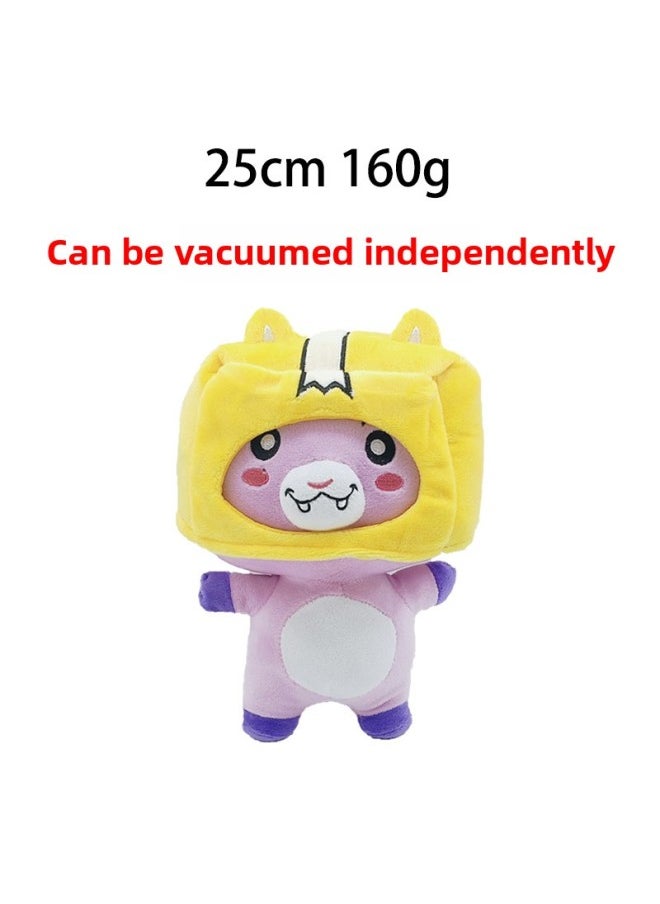 Generic - Lankybox Paper Box Villain Transformation Cat Carton Head Cover Can Plush Toy Doll-Specifications:Ordinary Packaging-Color:20cm Box - Image 1
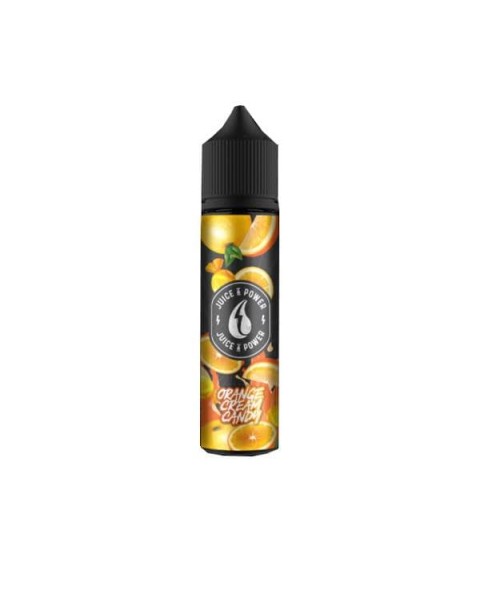 Juice N’ Power Fruit Range 50ml Shortfill 0mg (70VG/30PG)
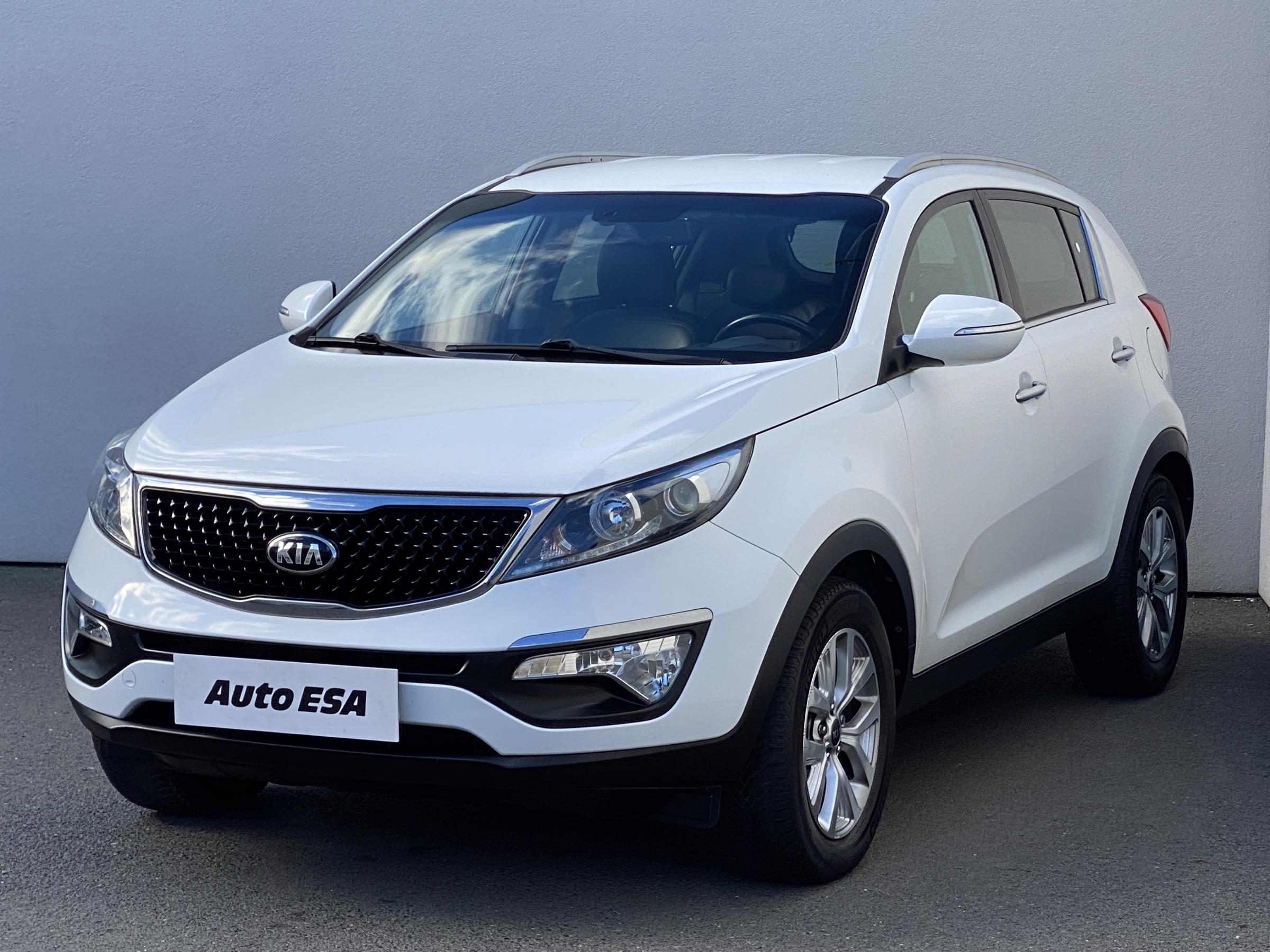 Kia Sportage, 2015 - pohled č. 3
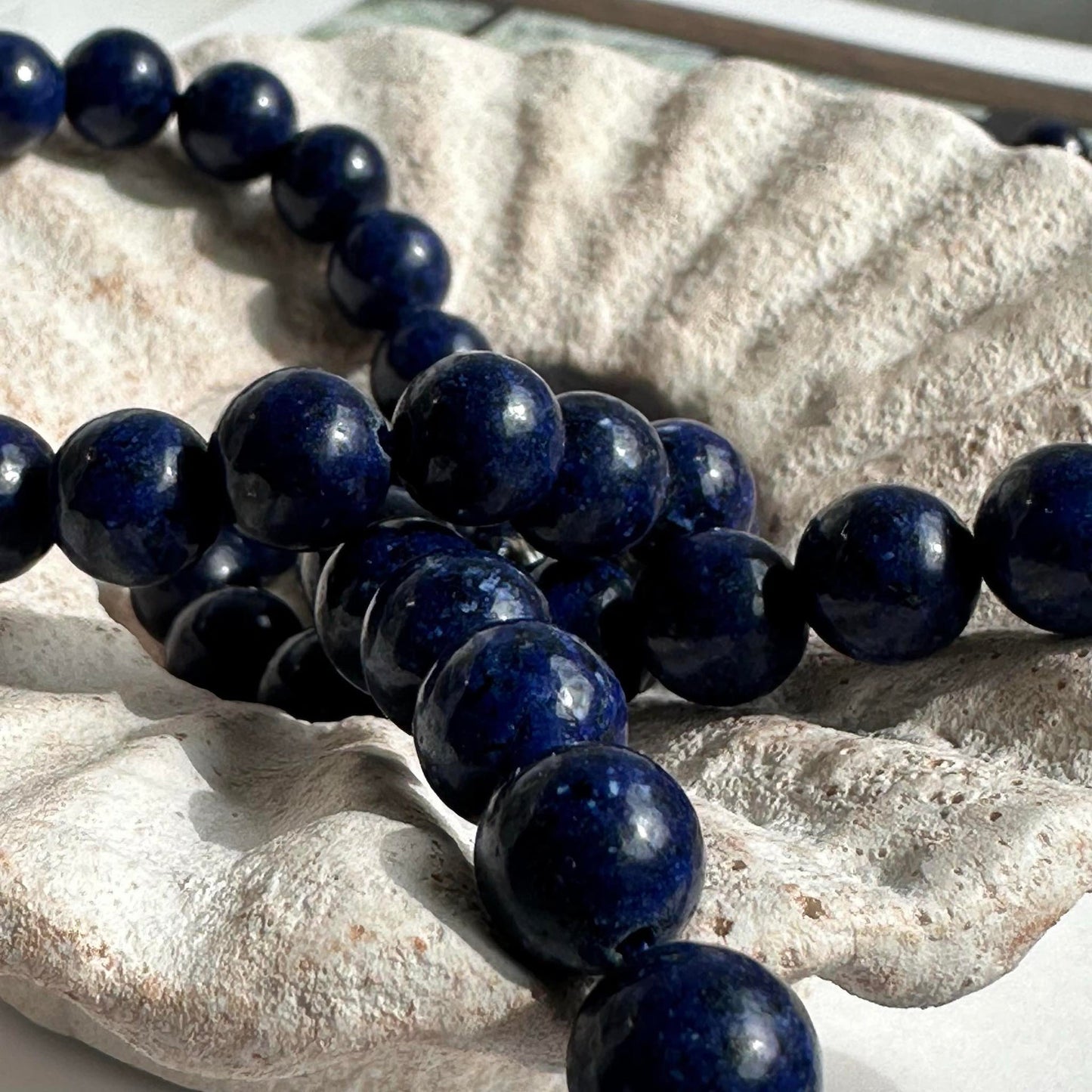 Halskette Mary Navy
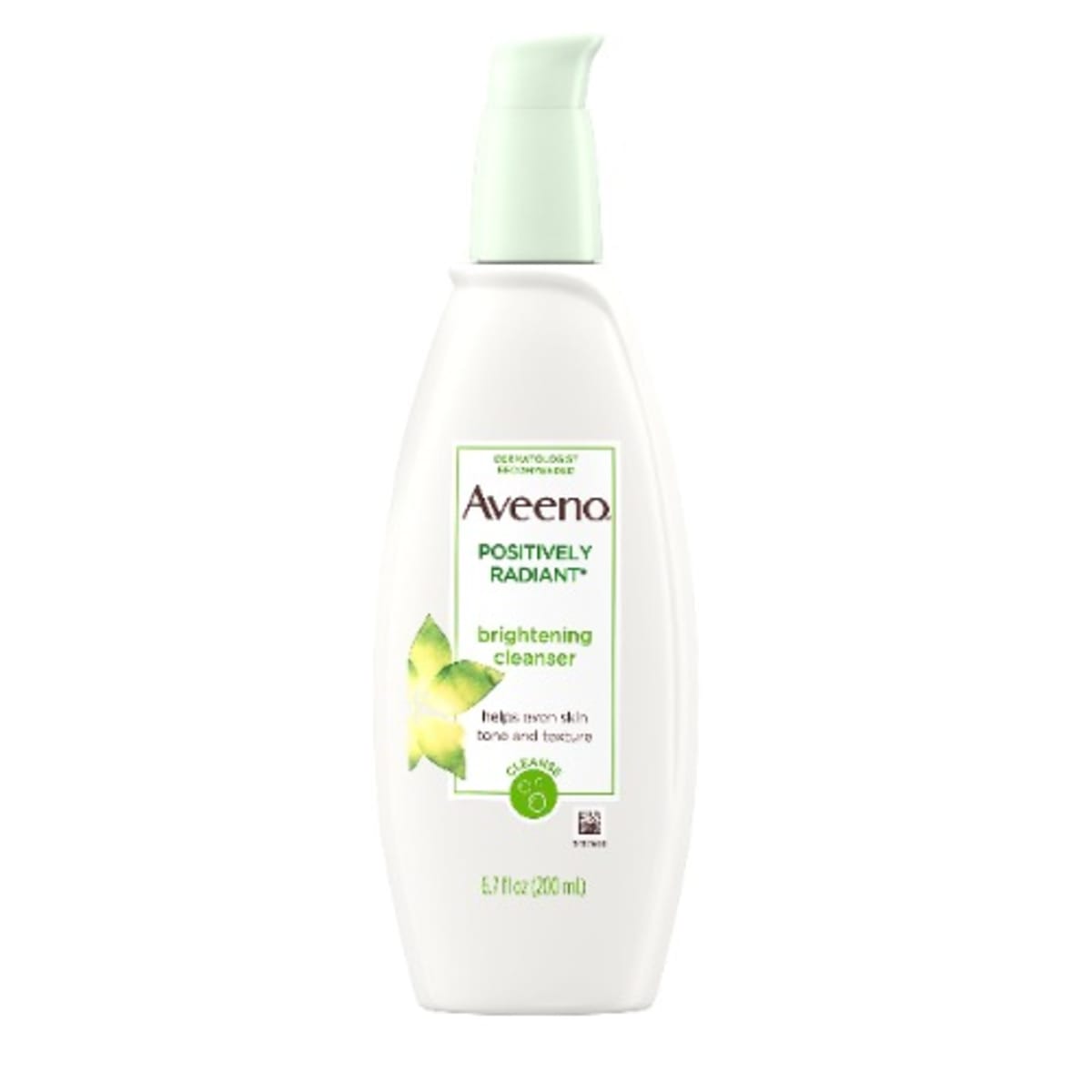 Positively radiant outlet aveeno cleanser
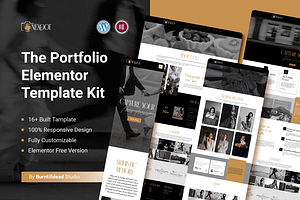 Nexoot, a WordPress Template by Burntilldead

________

Required action:
Output every record above word for word, omitting any pictures they contain.

Written response:
 Generic - Lankybox Paper Box Villain Transformation Cat Carton Head Cover Can Plush Toy Doll-Specifications:Ordinary Packaging-Color:20cm Box - Image 1
 Juice N’ Power Fruit Range 50ml Shortfill 0mg (70VG/30PG)
 Kia Sportage, 2015 - pohled č. 3
 Halskette Mary Navy
 Positively radiant outlet aveeno cleanser
 Nexoot, a WordPress Template by Burntilldead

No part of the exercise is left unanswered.